Dealing with Death

The death of someone whom you care deeply about is one experience that everyone wishes they could avoid. As much as one may hate it, death is a situation that will bestow itself on everyone. As the main character in "Life or Death" is confronted with the truth and finality death holds, he turns to religion as his vessel to navigate through the tragedy. He fights through the great sadness and sorrow of losing a close friend with the belief that his friend must have gone to a happier place, and justifies this situation to himself and others by returning to his religion that offers hope. The main character overcomes the stillness and finality of Kim’s death with faith and confidence gleaned from his religion and by recollection and application of the "power" in physical touch. This power was shown by the influence Kim had on others and by the comfort it brought to his mourners. If his religion did not hold promise of a better place after death, he would have had to face a deeper sense of loss and finality.

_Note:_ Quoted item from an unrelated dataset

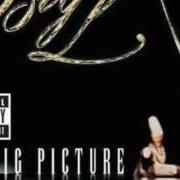 El texto musical SIZE 'EM UP de BIG L también está presente en el álbum The big picture (2000)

Death takes life from an individual here on earth and insuring stillness in their body, yet leaving the memories of their life to be pondered. Faith can offer hope of a life after death, but here on earth, death guarantees stillness, the body is lifeless, "He laid just as still as could be" (1). This stillness cannot be changed and brings a sense of finality that challenges the main character to live his life in a manner that puts off stillness until it is unavoidable by death. "We have to try to not lie around passively" (2) is the motivation that flows through his mind as he is determined to make a difference in the world. If he doesn’t take action now while he is in control of his life death might come tomorrow and claim his life before he has the opportunity to make a difference. The stillness and vulnerability that death brings is unavoidable. "The makeup they put on his face couldn’t hide the evidence" (1) reveals that once an individual dies there is nothing they can do to manipulate the way others view his/her body or lifestyle. Both the body and earthly life are open to critical examination as others ponder what each used to do. Kim is unable to refute the opinions that are thrown around about his life and impact on others.

Since Kim is stilled, he can no longer justify or defend the choices and actions of his past, so the main character justifies them by what he knew of Kim according to his own religious beliefs. He turns to religion and the hope it brings in order to escape the reality of death. One’s religion can have a huge influence on how a person comes to terms with the death of another. The main character seems to grab hold of the fact that Kim is "now in a better place" so the grief felt by himself and Kim’s mother will be lessened, rather then referring to an assurance that is imbedded deep in his heart. He appears to turn to religion as the solution and answer to the circumstances of death. The main character is well aware of the difference that beliefs can make, "never underestimate the power that faith in these things [heaven, hell, or even reincarnation] can have for a grieving person" (3). The hope and belief that Kim is in a better place seems to be the solution to dealing with death. The hopes that "Kim must have gone to a great place" (3) and "He must be looking down on us smiling" (3) show little assurance or evidence of firm beliefs, but rather a trick or cover to avoid the sorrow of death. This mirage seems to satisfy the main character as well as Kim’s mother, "she now dreams of Kim and finds comfort. Never does the dream come back with anything bad". Whether Kim actually was, heaven or hell, doesn’t bother the main character because he seems peacefully lost in a sudden religious feeling, death must lead to something better. This is his solution to dealing with the death of a friend.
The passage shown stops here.